La documental de folio 253 correspondiente a la certificación emitida por el I.S.S., donde hace constar que los contratos allí relacionados fueron realizados por el abogado JUAN PABLO SALARRIAGA (sic) PLAZA, en desarrollo del numeral 3o del Artículo 32 de la Ley 80 de 1993, que desarrolla los criterios que deben tener los contratos de prestación de servicios.

Y como pruebas dejadas de apreciar: 7. - Las documentales de folios 289 a 292, - 249 a 251, - 208 a 210, -170 a 173, 202 a 203, correspondientes a los servicios requeridos para la prestación de servicios profesionales - profesional universitario - Abogado, estudio realizado por el Vicepresidencia de Pensiones, dirigido al Presidente del ISS y como área beneficiada del servicio: Departamento Pensional Seccional Cundinamarca, donde se indica puntualmente la justificación de la contratación. 8. - La documental obrante a folios, 249, 250, 251, 252 y 253 denominado ESTUDIO PREVIO, donde la Vicepresidencia de Pensiones, le informa al PRESIDENTE del I.S.S., el OBJETO DEL ESTUDIO PREVIO- la descripción concreta y precisa de la necesidad de contrato, DESCRIPCIÓN DEL OBJETO A CONTRATAR (NUM2ART. (sic) 3 DECTRETO (sic) 2474 DE 2008- NUM- 2 ART 9 DEL ACUERDO 450 DE 2008), donde se indica el lugar de la ejecución del contrato DEPENDENCIA: DEPARTAMENTO DE PENSIONES SECCIONAL CUNDINAMARCA. 9.

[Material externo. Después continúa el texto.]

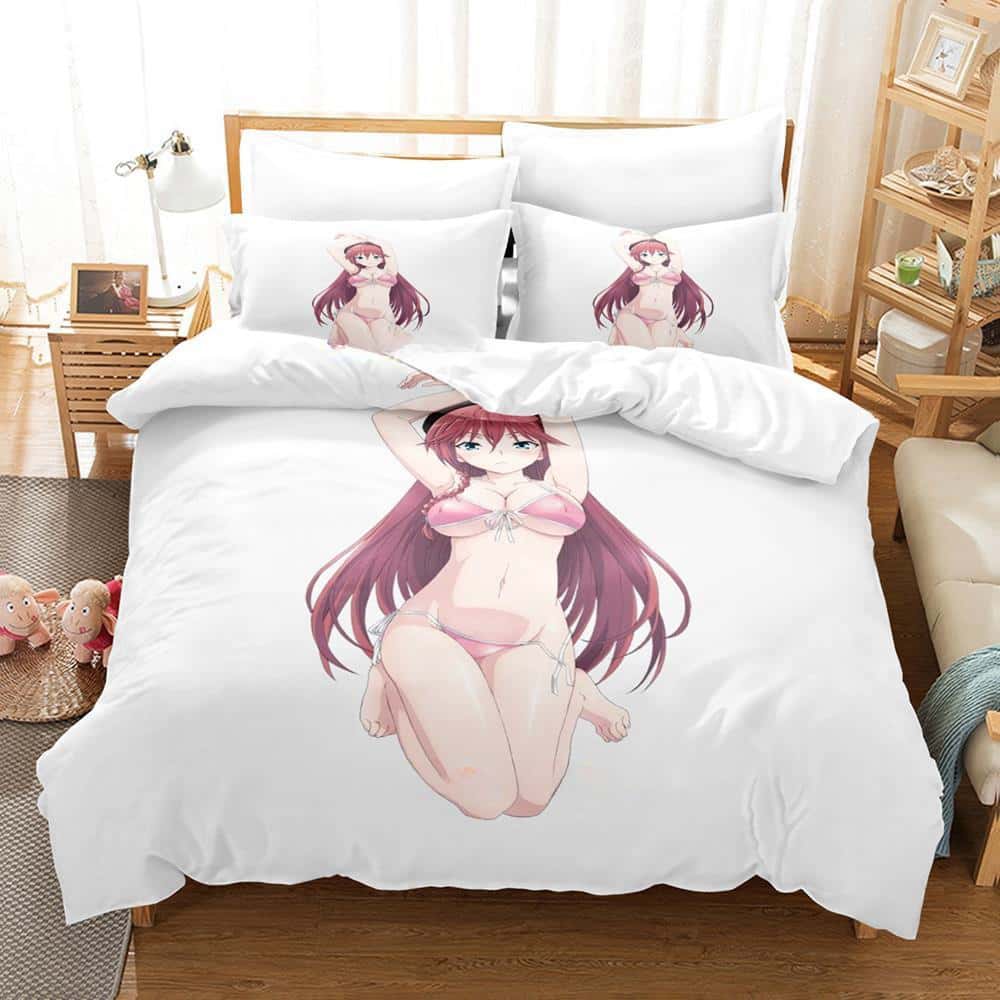 Kawaii Anime Lilith Asami Trinity Seven Bedding Set Single Twin Full Queen King Size Bed Set Adult Kid Bedroom Duvet Cover Sets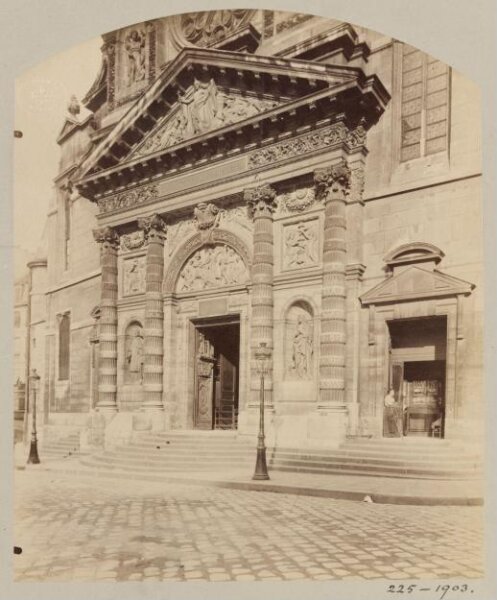 Atget, Jean-Eugène-Auguste, Church of St Etienne du Mont, Paris, France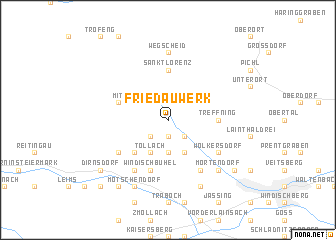 map of Friedauwerk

La documental militante a folio 216, correspondiente al RESUMEN LIQUIDACION (sic) DE PAGOS REALIZADOS POR CONCEPTO DE HONORARIOS DEL CONTRATO emanado de la OFICIANA (sic) NACIONAL DE CONTRATACION (sic) correspondiente a contrato No 5000023271 correspondiente al abogado JUAN CARLOS SALDARRIAGA PLAZA con vigencia de 1 de abril de 2011 al 31 de octubre de 2011, con honorarios mensuales de $1.342.345. 10. - La documental militante a folio 179 correspondiente al RESUMEN LIQUIDACION (sic) DE PAGOS REALIZADOS POR CONCEPTO DE HONORARIOS DEL CONTRATO emanado de la OFICINA NACIONAL DE CONTRATACION (sic) correspondiente a contrato No 5000021616 correspondiente al abogado JUAN CARLOS SALDARRIAGA PLAZA con vigencia de 1 de Diciembre de 2010 al 31 de marzo de 2011, con honorarios mensuales de $1.785.737.00. 11. - La documental militante a folio 228 correspondiente al RESUMEN LIQUIDACION (sic) DE PAGOS REALIZADOS POR CONCEPTO DE HONORARIOS DEL CONTRATO emanado de la OFICINA NACIONAL DE CONTRATACION (sic) correspondiente a contrato No 5000017388 correspondiente al abogado JUAN CARLOS SALDARRIAGA PLAZA con vigencia de 12 de noviembre de 2009 al 30 de junio de 2010, con honorarios mensuales de $1.750.723.oo. 12. - La documental militante a folio 254 correspondiente al RESUMEN LIQUIDACION (sic) DE PAGOS REALIZADOS POR CONCEPTO DE HONORARIOS DEL CONTRATO emanado de la OFICINA NACIONAL DE CONTRATACION (sic) correspondiente a contrato No 5000025440 correspondiente al abogado JUAN CARLOS SALDARRIAGA PLAZA con vigencia de 1 de noviembre de 2011 al 14 de junio de 2012, con honorarios mensuales de $1.750.723.00. 13. - La documental militante a folio 227 correspondiente al INFORME FINAL DE INTERVENTORIA - ACTA DE CERTIFICACION (sic) DE CUMPLIMIENTO DEL CONTRATO emanado del Gerente II LUIS GABRIEL ARBELAEZ (sic) al contrato No 5000023271 correspondiente al abogado JUAN CARLOS SALDARRIAGA PLAZA con vigencia de 1 de abril de 2011 de 2009 al 31 de octubre de 2011, por valor de $12.896.415. 14.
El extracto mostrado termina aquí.